Exactly as they appear, retype the lines from the one containing "Stanley 0-43-648 poziomica" through the final line of the data below. Leave pictures out.

*** Opening of Information supplied ***

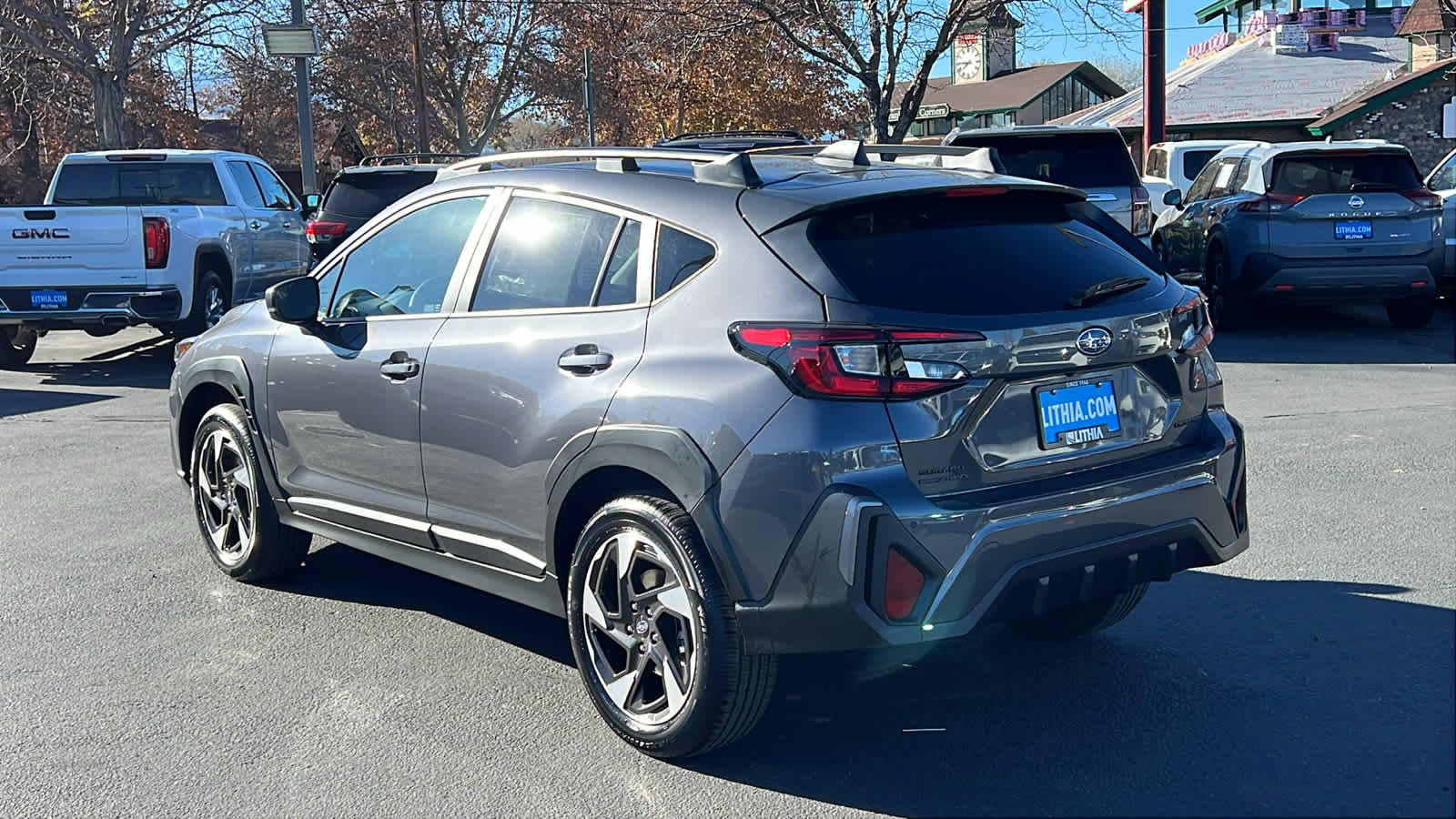 Thumbnail: 2026 Subaru Crosstrek - 7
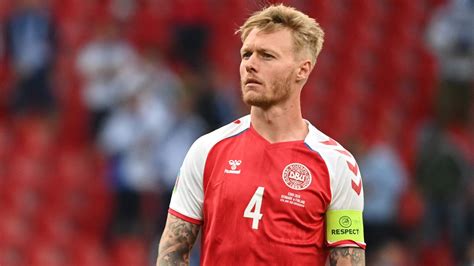 Simon Kjaer: the heroic Dane who helped save Christian Eriksen’s life ...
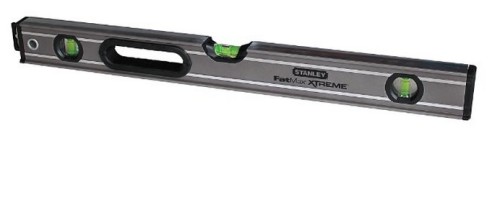 Stanley 0-43-648 poziomica 1,2 m Szary - 2255877
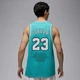 Майка Air Jordan Essentials Summer Jersey Turquoise HF9375-392 S - зображення 2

*** Close of Information supplied ***

Result of this exercise:
 Stanley 0-43-648 poziomica 1,2 m Szary - 2255877
 Майка Air Jordan Essentials Summer Jersey Turquoise HF9375-392 S - зображення 2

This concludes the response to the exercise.